Why invest in utilities?
As great as utility investments are, they continue to earn a less than favourable reputation among investors owing to the nature of their misunderstood business model.
Utilities provide a service to the communities that they serve, and the amount of that utility service, as well as the compensation the utility earns, are stipulated into long-term agreements, known as power-purchase agreements (PPA) Because of the regulated nature of the agreement, utilities effectively have a stable, secure, and recurring source of revenue to rely on for the duration of the contract, which can span two decades or more.
That stable stream of revenue permits the utility to invest in growth, reward shareholders through a handsome dividend, or, in some cases, both. Unfortunately, many investors perceive that handsome dividend to mean that there is little room for growth.
Let’s look at both Fortis and Algonquin and see how these two behemoths can benefit your portfolio.
Fortis has a well-diversified portfolio of facilities that are located in the U.S., Canada, and the Caribbean that provide a stable and recurring source of revenue, 92% of which is regulated through PPAs.

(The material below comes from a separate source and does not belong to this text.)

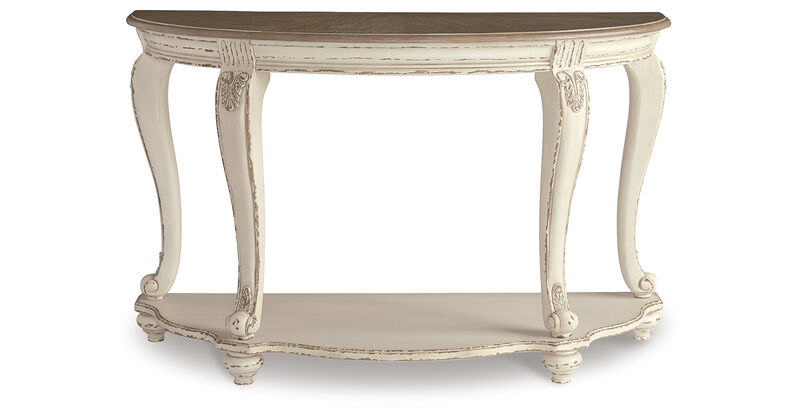 Realyn Sofa Table image number 2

One way that Fortis differs from many other utilities is in the company’s approach to expansion. Fortis has taken an aggressive stance to expansion, acquiring increasingly larger players in the market to fuel earnings and coverage growth. The most recent major acquisition by Fortis was the $11.3 billion acquisition for ITC Holdings which completed two years ago. That acquisition provided a lift to earnings and introduced Fortis to several new U.S. state markets.

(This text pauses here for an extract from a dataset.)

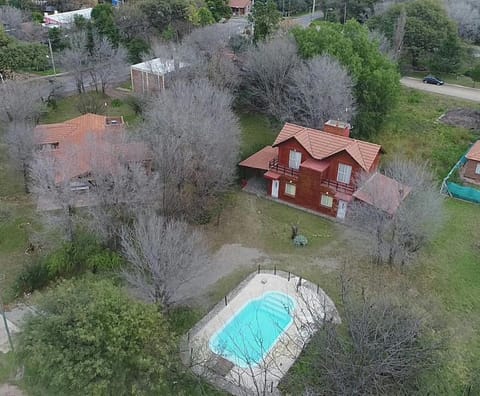 Cabañas Peñihue House in San Luis Province, Argentina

Fortis shines as an income investment thanks to its quarterly dividend, which provides investors with a handsome 4.09% yield. If this weren’t reason enough, Fortis is one just a handful of companies that have an established history of annual dividend hikes that goes back over four decades; the most recent hike came last fall. The current dividend is $0.425 per share.
Fortis currently trades at just over $41 with a P/E of 17.53.
Algonquin Power & Utilities Corp.
Algonquin is another utility that holds plenty of potential for both growth and income-minded investors. Oakville-based Algonquin provides distribution, generation, and transmission services across electricity, water, and gas elements to over 750,000 customers in more than a dozen states.
An interesting point worth mentioning in relation to Algonquin is how the company already has a sizable renewable energy portfolio of over 35 facilities that are scattered across Canada and the U.S. with solar, thermal, wind, and hydro elements that are provided through its Liberty Power subsidiary.
This is an important distinction that puts Algonquin at an advantage over its peers that still have predominately fossil fuel-burning facilities, and existing fossil fuel-burning facilities are more than likely to be replaced with clean energy facilities.
In terms of a dividend, Algonquin offers a quarterly dividend that pays an impressive 5.19% yield. From a growth standpoint, Algonquin has offered seven consecutive years of annual dividend hikes, and there’s no reason to suspect that trend should end any time soon.
Algonquin currently trades at just over $12.50 per share.